TASK PROMPT
Find the line that holds "Un bâtiment résidentiel", then repeat it and each line below it word for word through the end of the listing, leaving out pictures.

AVAILABLE DATA
=-=-=

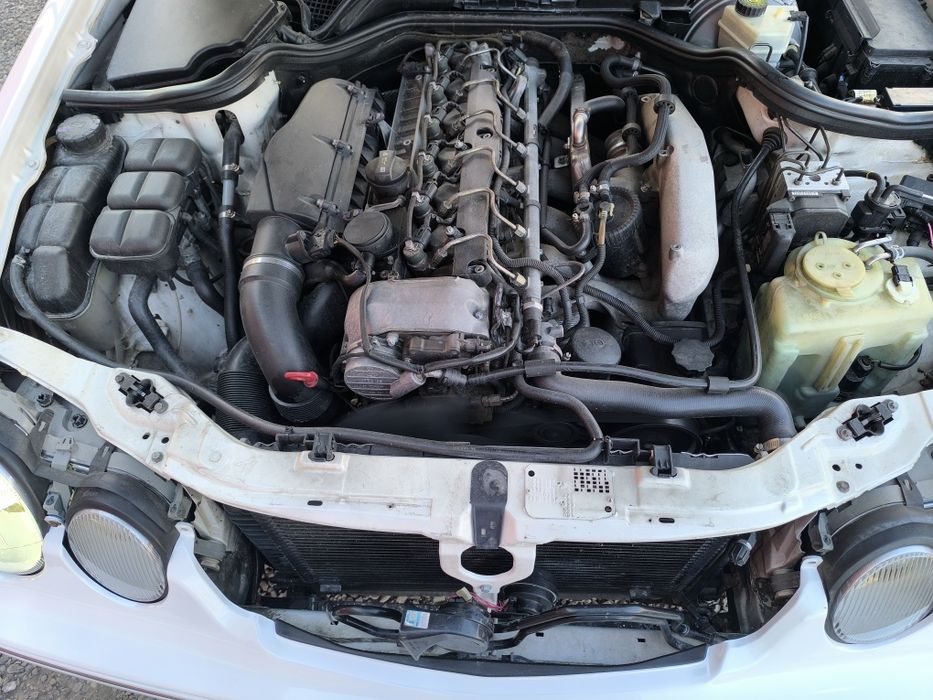 Mercedes Benz E class w210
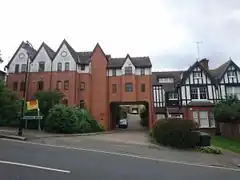 Un bâtiment résidentiel avec une section en tunnel. Voir sur OSM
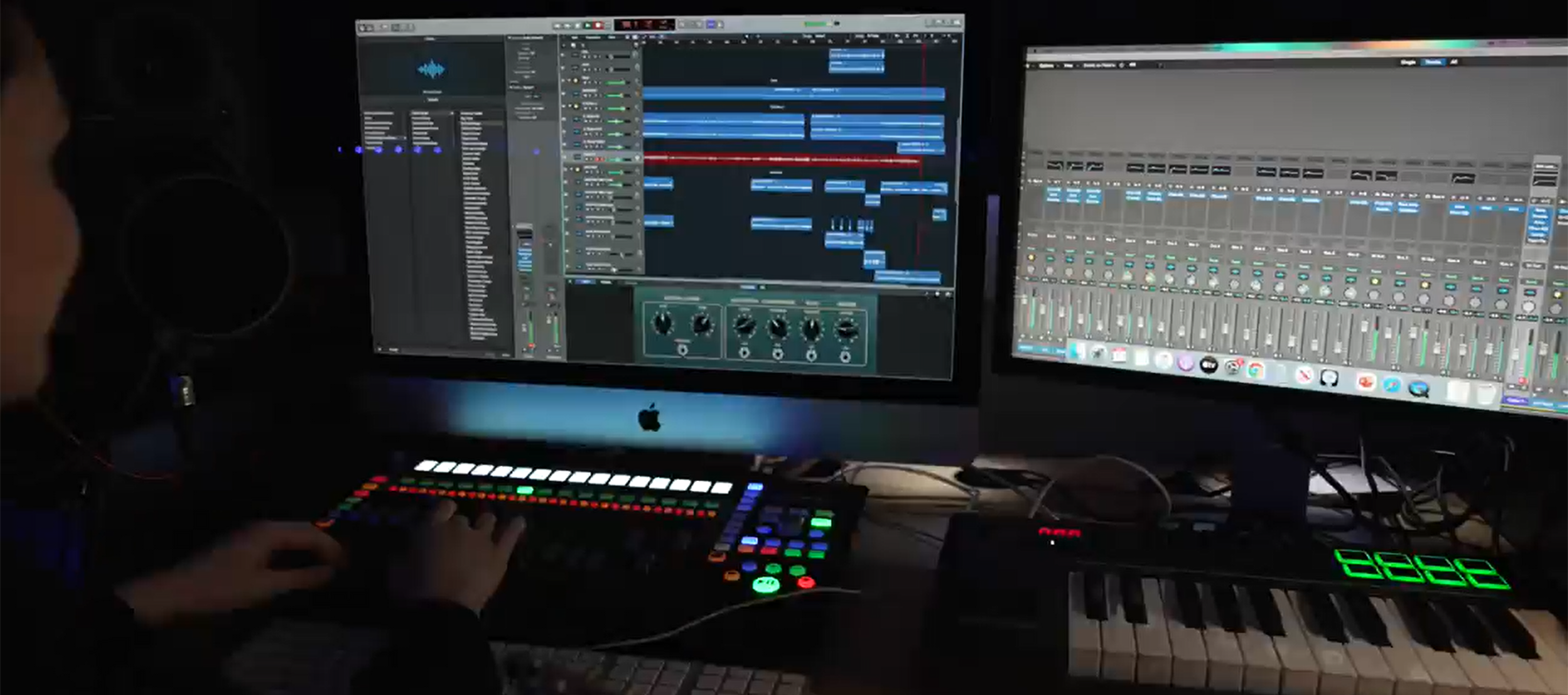 Kennet Sixth Form student utilising Kennet School's Music Technology facility featuring Logic Pro X software Kennet Sixth Form student utilising Kennet School's Music Technology facility featuring Logic Pro X software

=-=-=

FINISHED TASK
 Un bâtiment résidentiel avec une section en tunnel. Voir sur OSM
 Kennet Sixth Form student utilising Kennet School's Music Technology facility featuring Logic Pro X software Kennet Sixth Form student utilising Kennet School's Music Technology facility featuring Logic Pro X software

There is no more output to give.